# Durbin, WV - Ranger YWM Neglected



## pamela berger (Jun 19, 2008)

[/img] 

http://www.petfinder.com/petnote/displaypet.cgi?petid=14389399

UPDATE 8/30/09~Ranger had a few puppies dig over into his kennel with him. Ranger allowed the pups to eat out of his bowl and did not show any signs of aggression to the little things. He is progressing nicely so far. Will update more as soon as I can. 
Ranger is 2 years old and has been kept in a basement for the past year. He was never allowed outdoors, only has eaten scraps and grease and lived in his own feces and urine. No windows. Nothing! He is very underweight and his coat is not in the best shape. He is learning that he is to eat dogfood now after Sandy had to coax him with canned food first for his lack of appetite. _[Removed content not allowed on the board]_

Ranger is not ready to go to a new home yet, but if you are intersted, please email for an application

Pocahontas Co AC


----------



## Virginia (Oct 2, 2008)

*Re: Durbin, WV - Ranger YWM Neglected Needs SPonsor*

Poor guy. I can't find the chip in button on the petfinder site to donate...am I missing something?


----------



## TESS (Oct 29, 2008)

*Re: Durbin, WV - Ranger YWM Neglected Needs SPonsor*

Look, if I made the rules they would be different but aren't the rules here that we are not allowed to ask for donations?
Tess in Philadelphia


----------



## gslore (Dec 29, 2008)

*Re: Durbin, WV - Ranger YWM Neglected Needs SPonsor*

What a handsome boy. I can't believe he was kept in a basement and not allowed to go outdoors. Just astounding.

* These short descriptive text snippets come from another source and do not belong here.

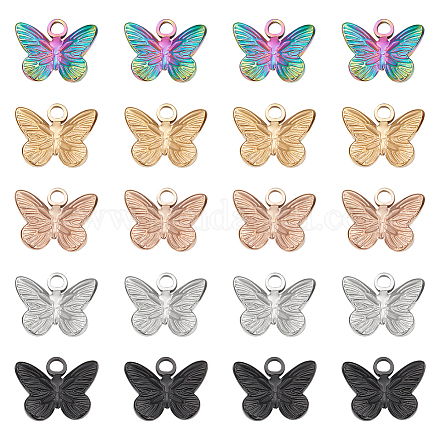 UNICRAFTALE 20Pcs 5 Colors Butterfly Charms 304 Stainless Steel Butterfly Pendants 12mm Long Metal Butterfly Pendants Textured Mini Butterfly Necklace Bracelet Charms for DIY Jewelry Making Hole 2mm STAS-UN0042-23-1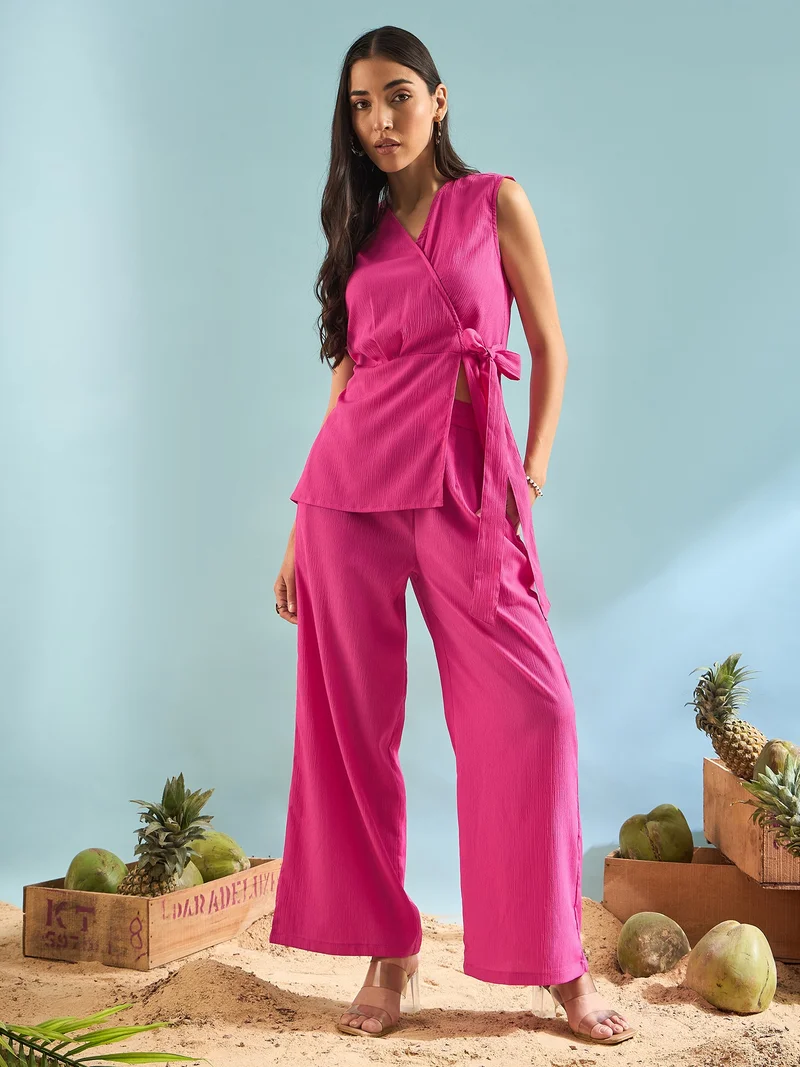Panit PANIT Pink Seersucker Co-ord Set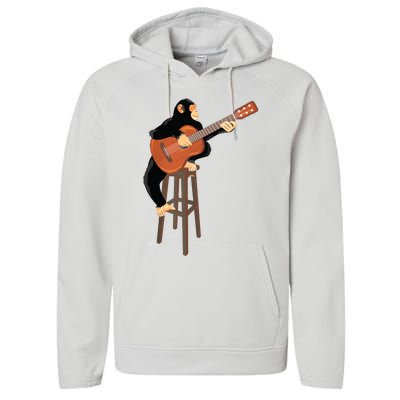 Chimpanzee Playing Acoustic Guitar Funny Monkey Performance Fleece Hoodie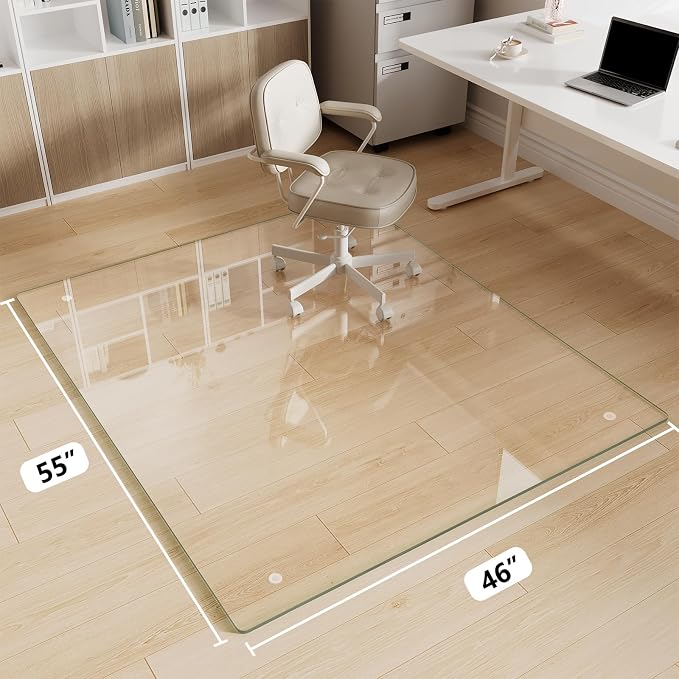 Glass Chair Mat 46" x 55" Heavy Duty Tempered Glass Office Chair Mat, Glass Floor Mat with Round Corner and Polished Edge for Smooth Glide, Office Chair Mat for Carpet, Hardwood Floor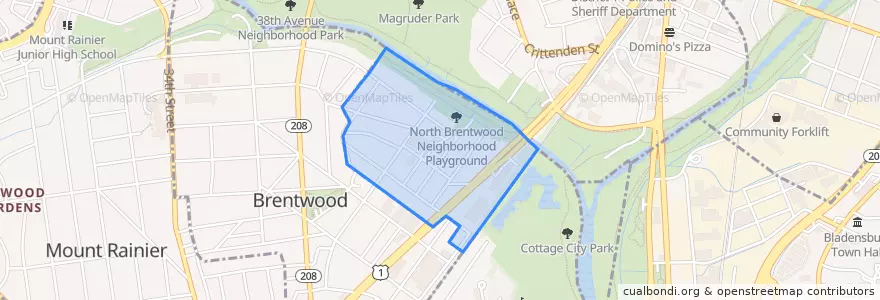 Mapa de ubicacion de North Brentwood.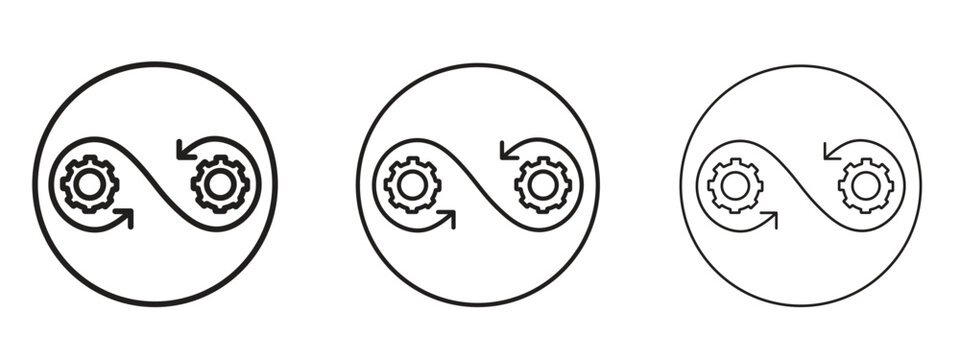 Devops icon in stroke art design versions. EPS 10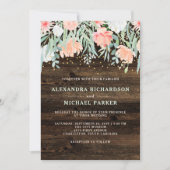 Invitation Romance florale rustique | Mariage aquarelle (Devant)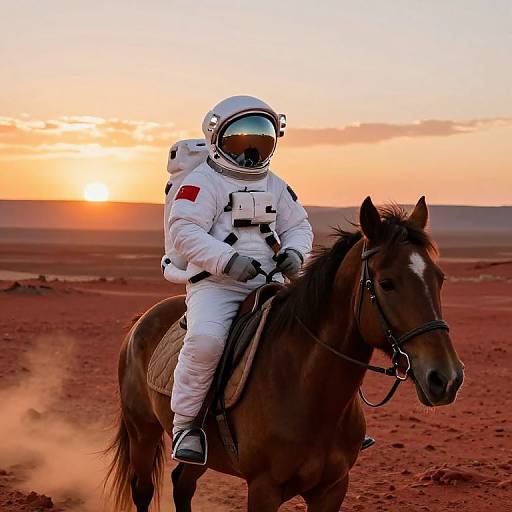 Photograph of astronaut in white spacesuit riding brown horse across red desert at sunset, with orange sky and sun low on horizon.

Do you know if he is OK with cats?


----------



## katieliz (Mar 29, 2007)

*Re: Durbin, WV - Ranger YWM Neglected Needs SPonsor*

yes, those are the rules.

what a beautiful dog tho, and what a tragically sad story. he looks much better in the picture than the written description.

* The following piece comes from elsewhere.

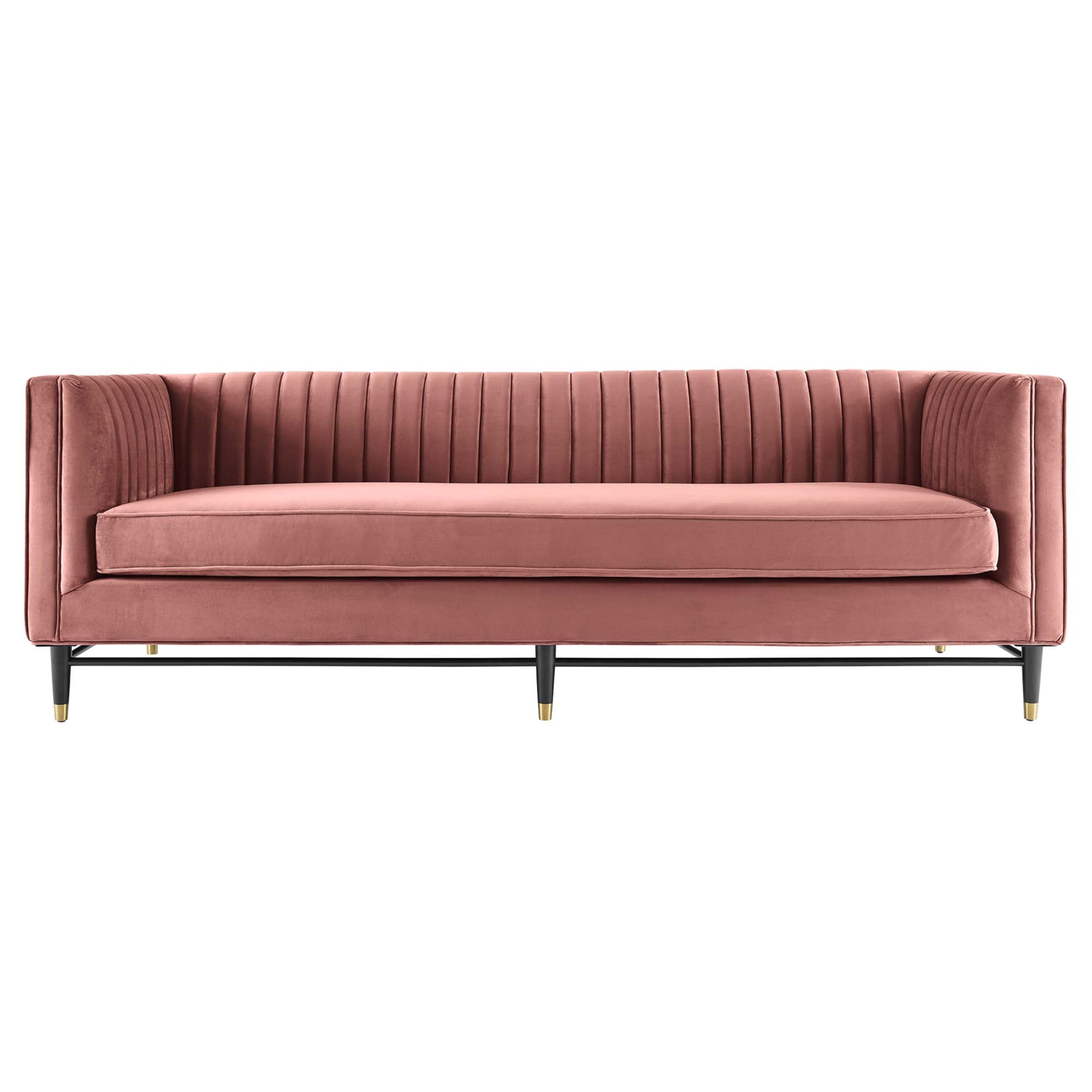 Devote Channel Tufted Performance Velvet Sofa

don't kno if he qualifies for the urgent section here, but i sure hope someone helps him.


----------



## TESS (Oct 29, 2008)

*Re: Durbin, WV - Ranger YWM Neglected Needs SPonsor*

He is and tragic too - and so many are - but this is his chance. There ought to be exceptions or perhaps just a new rule.
Tess in Philadelphia


----------



## RebelGSD (Mar 20, 2008)

*Re: Durbin, WV - Ranger YWM Neglected Needs SPonsor*

Board members are not allowed to solicit donations. In this case, it is the text that is posted on his Petfinder site, not a board member asking for money. Offering a donation is allowed.


----------



## TESS (Oct 29, 2008)

*Re: Durbin, WV - Ranger YWM Neglected Needs SPonsor*

This looks like soliciting to me just as much as others I have seen which were disallowed. 


Edited quote from PF website. 

Maybe it ought not to be the rule - it obviously is going to help this boy - who so desperately needs that.
Tess in Philadelphia


----------



## RebelGSD (Mar 20, 2008)

*Re: Durbin, WV - Ranger YWM Neglected Needs SPonsor*

The shelter is doing the soliciting, the ones that are disallowed are those done by board members. This board cannot prohibit a shelter to solicit funds for their dog. It can and does prohibit board members soliciting. This was discussed over and over before you joined, it is a private board and the owner of the board makes the rules. It is better to fight battles that you can win.


----------



## RebelGSD (Mar 20, 2008)

Tess, if the soliciting in this post bothers you this much, you can click on the notify button and ask the moderators to delete it - if this is what you really want to accomplish, rather than making some suggestion how to help the poor animal.


----------



## TESS (Oct 29, 2008)

Don't lecture me about it - not my rule. My suggestion was and is change the rule.
And AS TO ME DON'T imply or state EVER I am not helping dogs. That is just ingnorant - in the ill informed way it is defined.
I help in ways you will never hear of including him - because I am not interested in your hearing about it. I am interested in helping.
Tess in Philadelphia


----------



## RebelGSD (Mar 20, 2008)

Now that the solicitation portion of the Petfinder post has been removed, does anyone have any suggestions about helping Ranger (this question is not directed at Tess)? Is he in danger? Is anyone in the area to evaluate him?


----------



## TANDB (Dec 12, 2005)

From their Petfinder main page: 

WE HAVE TRANSPORT ASSISTANCE TO THE NORTHEAST! We have help to these states; MD, DE, MA, NY, NJ, CT, VA We can arrange transports to other nearby states also.


----------



## katieliz (Mar 29, 2007)

rebel thanks for clearing up the solicitation issue. important distinction between something quoted that's on the petfinder page and something posted by a board member.

take care all.


----------



## Lauri & The Gang (Jun 28, 2001)

Tess - please delete some PMs as you are over your limit


----------



## Myamom (Oct 10, 2005)

Ranger is still in need of a home


----------